# WOw got a Ti Before they SOLD OUT!!!



## Solearas (Nov 6, 2009)

This bike is a superb deal and I got mine two days ago


Ti and Dura Ace 7900 with decent peddals for 2799? No brainer
maybe that's why it sold out.



Free dirty looks for paying less too.


----------



## midlife_xs's (Jun 18, 2004)

Comparing Build Kit prices $2,776. for DA w/ Mavic Elites from an online shop, Dura Ace equipped Tis were the best values.


----------



## toadbiker (Mar 14, 2006)

got pics?


----------



## bikesdirect (Sep 9, 2006)

Did sell out quick
But I just heard that more have been loaded and are sailing this week
Should unload about Feb 1st


----------



## Mike Overly (Sep 28, 2005)

Mike or anyone else: Have your ridden this bike? If so, any comparison to an 853 frame in terms of compliance/stiffness? Great price for Ti.


----------



## Solearas (Nov 6, 2009)

Hi, 

I have to say that after riding this every chance I get
this feels more comfortable than my Fuji Team Issue (Carbon) I have loved since 05.
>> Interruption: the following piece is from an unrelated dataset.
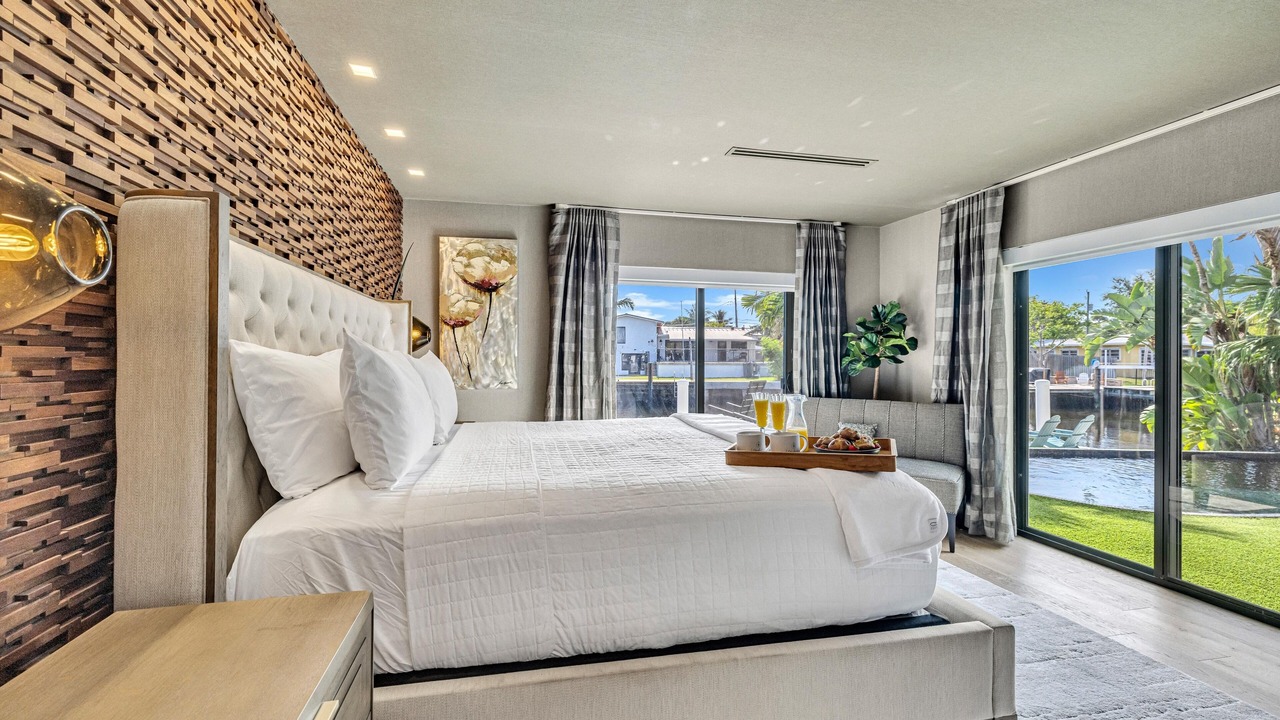 Photo of Bedroom in Wilton Manors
The Fuji has a ever-so-slight more smoother ride but the TI
geom' is just right for me so over all I could not be happier, seriously. My stats: 6'2" 240 - large frame. 32" Inseam. Model looks by Norway and Sweden.

Oh, and _thanks _to the guy on here who said keep the seat. It doesn't look the business but for tubby linebackers with large backsides like me, this one fits. The stock seat is this bike is much more comfortable than the much famed Selle Italia 190 gram that I thought was the end all in bike seats (it came with the Team Issue). Save your money and use this one for a few weeks first.

Against my principles from lessons learned in the past(ouch$$), I charged this on a card and well, I kinda of glad I don't have to wait until Feb now. 


BD is killin' it. Mike, I'd like to see you guys offer some high end rims and other accessories, maybe some tools too or is that on another site?


----------



## Solearas (Nov 6, 2009)

Oh, BD/Mike, tell design to lose that plastic dinner plate on the cassette (not seeing one in the pic tho). lol, now I gotta get a Sham' tool to remove it. 1980's man.

Maybe someone will school me on why they put that there. Didn't come with the Team Issue.


----------



## Solearas (Nov 6, 2009)

Since I'm babbling on...

You guys HAVE TO try the Speedplay peddles. My knees where _killing _me and I thought it was from Motocross. But as I started to read guys were writing about Speedplay over Sham's and how there knee issues went away. Believe it, it's not hype.

I put them on my two bikes and sold the stockers. I can't believe these peddles.


The stock peddles are nice if you don't want to change your set up. BD gets an A+ for the convenience factor by including them at least with the Ti bike. Nice touch.


----------



## marktomin (Sep 22, 2008)

I ordered the ultegra version of this bike but got to wait until Feb for delivery. Does anyone know how easy it is to strip the motobecane decals from the frame?


----------



## Solearas (Nov 6, 2009)

I haven't tried it since I said screw what the haters think but here you go...

http://74.125.47.132/search?q=cache...+Ti&cd=7&hl=en&ct=clnk&gl=us&client=firefox-a


----------



## Solearas (Nov 6, 2009)

Why bother, screw what the haters think, I'm pimpin the brand. Rather punk rock if you will.




> wile e. coyote
> 10-04-05, 11:19 PM
> Label removal (per another post where a guy used a credit card edge)
> 
> ...


----------



## randyharris (Aug 27, 2009)

I've got my eye on this bike too, but I am waiting for it to come out with SRAM Rival.

btw - Mike if you are following this thread, I sure love the more demure decals on the Dura Ace version of the Ti LeChamp, please consider using this on all the levels of Ti LeChamp that you guys offer.


----------